Entschädigung der Zwangsarbeiter nach der Zeit
des deutschen Nationalsozialismus
Allgemein:
Die wenigen Zwangsarbeiter, die überlebt haben, haben viele qualvolle Jahre Nazidiktatur hinter sich. Sie wurden stark misshandelt und mussten bis zum Umfallen arbeiten. Es gab keine Pausen, schlechte Verpflegung und miserable Unterkünfte. Ihre Jugend wurde zerstört und ihre Gesundheit ruiniert.
Nun bekamen die Opfer nach lagen 55 Jahren endlich ein Entschädigung vom Staat.

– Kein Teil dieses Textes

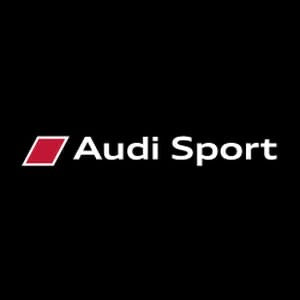 AUDI SPORT LOGO PROJECTOT LIGHTS Nr.69 (quantità 1 = 2 pellicole logo /2 luci porta）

Nicht als wirkliche Entschädigung sondern als „Geste des guten Willens“1. Das Geld wurde erst nach langen Antragsprüfungen an die Opfer gezahlt, aber bis es zu einer wirklichen Zahlung kam, waren schon viele ehemalige Zwangsarbeiter gestorben. Doch es hat viele mit Deutschland „versöhnt“. Trotzdem waren einige der Meinung, dass diese Geste zu spät kam und dass es zu wenig Geld sei.

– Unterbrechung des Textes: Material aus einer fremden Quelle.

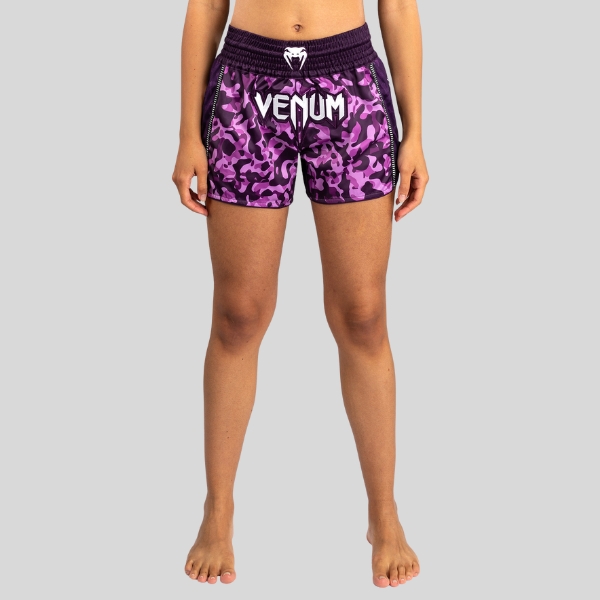 Муай Тай Шорти Venum Iris Muay Thai Shorts - Plum/Pink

Wann wurden die Opfer entschädigt?
Endlich, nach 55 Jahren, bekamen Zwangsarbeiter des deutschen Nationalsozialismus eine Endschädigung für ihr Leid in der damaligen Zeit2. Jedoch gab es lange Diskussionen ob und wie viel gezahlt werden soll.
Im Jahre 1953 wurden im „Londoner Schuldenabkommen“ die Reparationsansprüche verschoben.
Später, 1998, wurde der Kanzler Helmut Kohl gefragt, ob eine Entschädigung an die NS-Zwangsarbeiter gezahlt werden soll er meinte hierzu „Wenn Sie glauben, ich würde die Bundeskasse noch einmal aufmachen, dann ist die Antwort nein.“3. Bis dorthin, wurden nach langen Debatten, nur pauschale Zahlungen für die KZ-Toten an den Staat Israel und an verschiedene osteuropäische Länder gezahlt4. Und außerdem, warum sollte sich Deutschland damit abgeben wenn sich das Problem auf biologische Weise von alleine löst?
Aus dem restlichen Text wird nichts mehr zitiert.